Per sfruttare ogni possibile vantaggio anche il sedile del pilota era stato reclinato, idea già utilizzata sulla Lotus 18 e dieci anni prima sulla NSU da Gustav Baumm. Come motore sulla Lotus 25 venne montato il Coventry Climax FWMV da 1.498 cm³ di cilindrata. Nel 1964 sulla vettura del team Reg Parnell Racing, che utilizzava una 25 di seconda mano, venne utilizzato il BRM P56.

Della 25 venne realizzata anche una versione adatta alla partecipazione alla 500 Miglia di Indianapolis. Denominata 29, aveva il passo più lungo rispetto alla vettura da cui deriva in quanto doveva ospitare un propulsore Ford V8 dalla potenza di 375 cv abbinato a quattro carburatori Weber a doppio corpo. Inoltre, era stata dotata di sei serbatoi di carburante per una capacità complessiva di 225 litri. Questi ultimi erano stati posizionati sul lato sinistro della vettura per bilanciare l'effetto centrifugo provocato dalle curve del circuito che erano tutte a sinistra.
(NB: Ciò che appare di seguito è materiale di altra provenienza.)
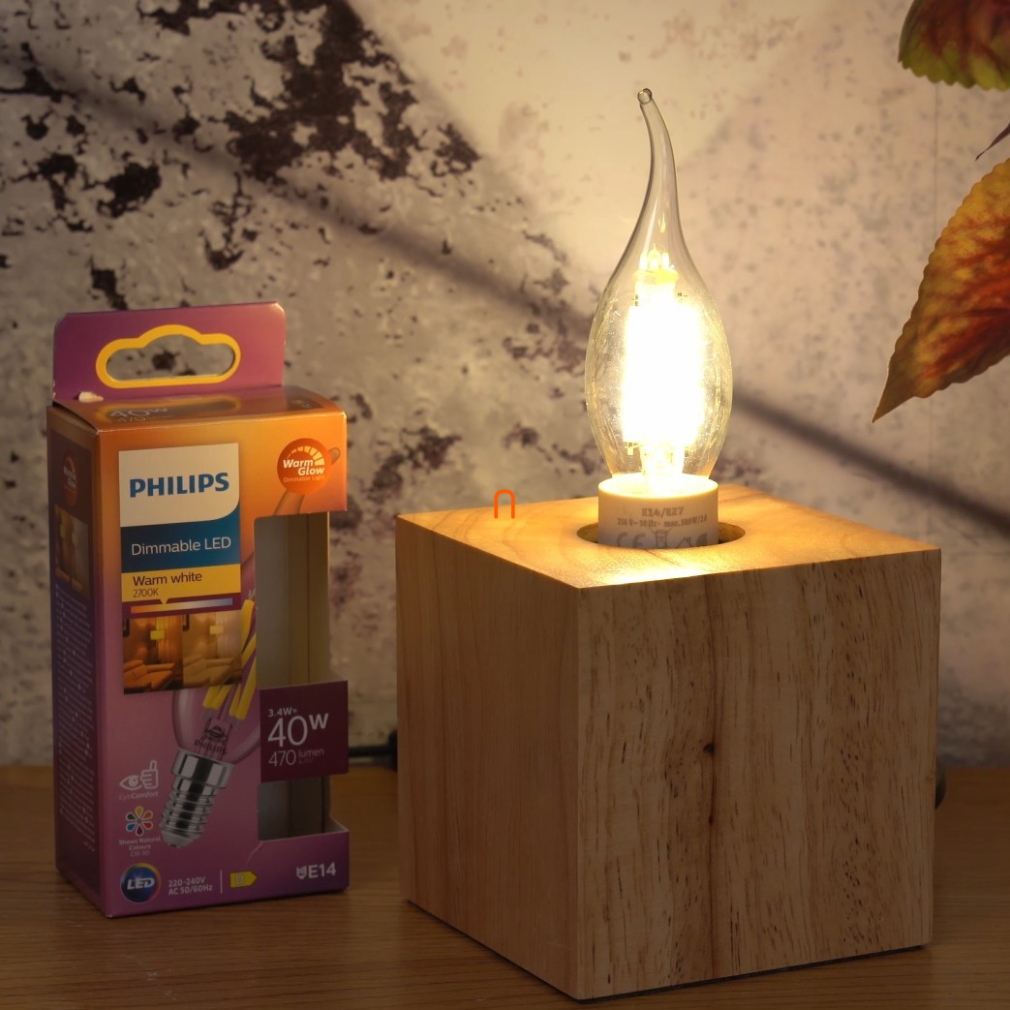 Philips E14 LED gyertya víztiszta 3,4W 470lm extra melegfehér szabalyozható- 40W izzó helyett (Calssic WarmGlow)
Attività sportiva[modifica | modifica wikitesto]

Molti privati volevano acquistare la Lotus 25 ma Chapman si rifiutò di vendere questo modello realizzando la Lotus 24, con telaio in tubi, appositamente per i team privati. La 25 era quindi utilizzata dal solo Team Lotus che aveva come piloti Jim Clark e Trevor Taylor. Il debutto nelle gare avvenne nel Gran Premio di Olanda del 1962. La prima vittoria fu ottenuta nel gran premio che si corse a Spa. A queste seguì la vittoria al Gran Premio degli Stati Uniti. La Lotus rimase in gara per il titolo mondiale fino all'ultima gara del campionato che si tenne in Sudafrica dove una avaria la motore fece sì che il titolo andasse a Graham Hill.

La Lotus però si rifece l'anno successivo. Jim Clark conquistò il mondiale piloti vincendo i gran premi di Belgio, Olanda, Gran Bretagna, Italia, Sudafrica e Messico mentre la Lotus conquistò il suo primo titolo mondiale costruttori.
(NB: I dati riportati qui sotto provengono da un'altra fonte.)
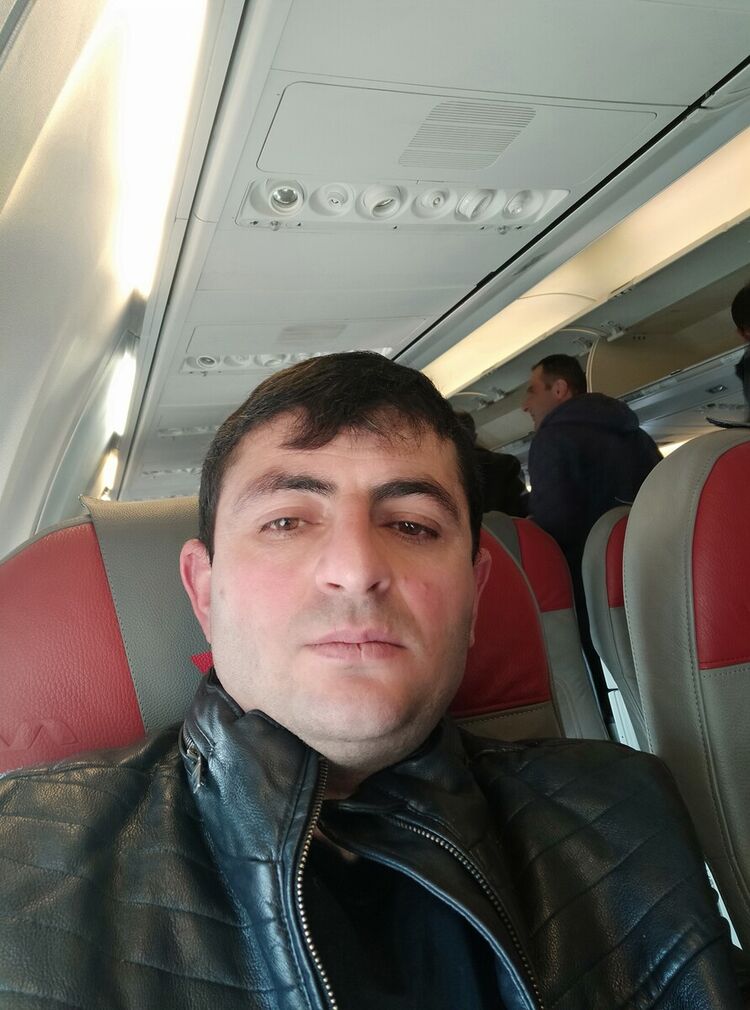  22482630  , 39 ,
Nella stagione 1964 la 25 vinse, sempre con Jim Clark, altre tre volte. Ancora una volta il mondiale sfuggì alla Lotus all'ultima gara a causa di una perdita di olio al motore che incoronò John Surtees campione del mondo.

L'ultima vittoria in Formula 1 della Lotus 25 fu conquistata al Gran Premio di Francia del 1965. In seguito la Lotus 25 venne sostituita dalla Lotus 33. Nelle competizioni la Lotus 25 si aggiudicò 25 gare, 13 giri veloci e 17 pole position[1]
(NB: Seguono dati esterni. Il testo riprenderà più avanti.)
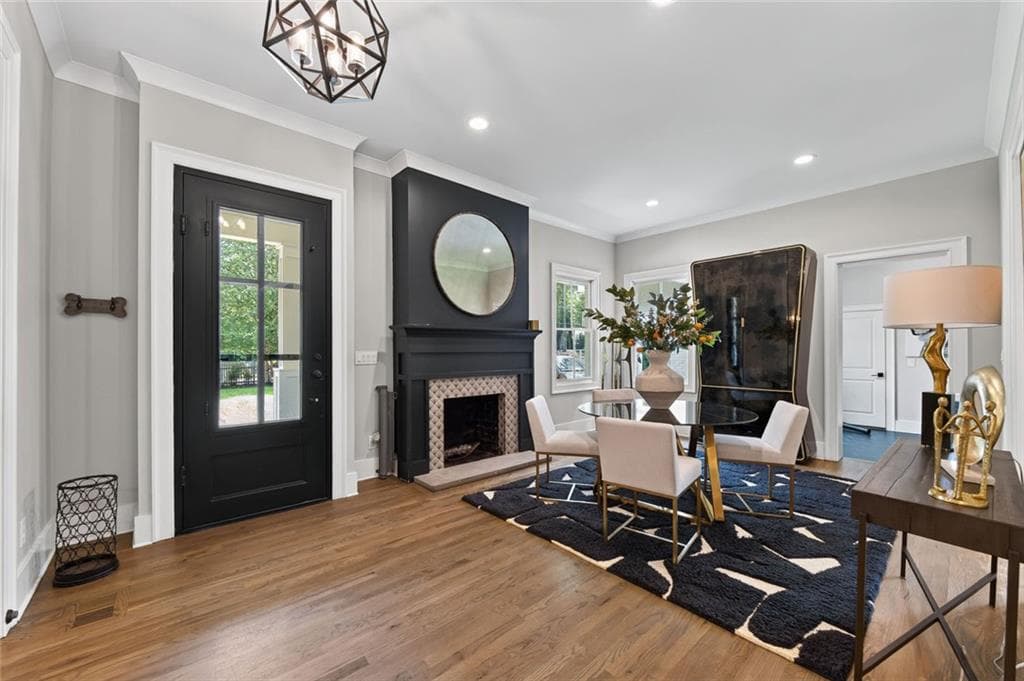 5 bedroom, 5 bathroom, 5,525 sq ft single family residence for sale at 3882 Wieuca Road, Atlanta, GA 30342 — photo 8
Per quanto concerne la versione realizzata per la 500 Miglia di Indianapolis, venne affidata nel 1963 a Jim Clarck, il quale riuscì a classificarsi secondo nonostante l'inefficienza del rifornimento ai box. [2]

Note[modifica | modifica wikitesto]

  1. ^ Lotus Climax 25. URL consultato il 04 gennaio 2013.
  2. ^ Lotus 29 Ford. URL consultato il 13 maggio 2014.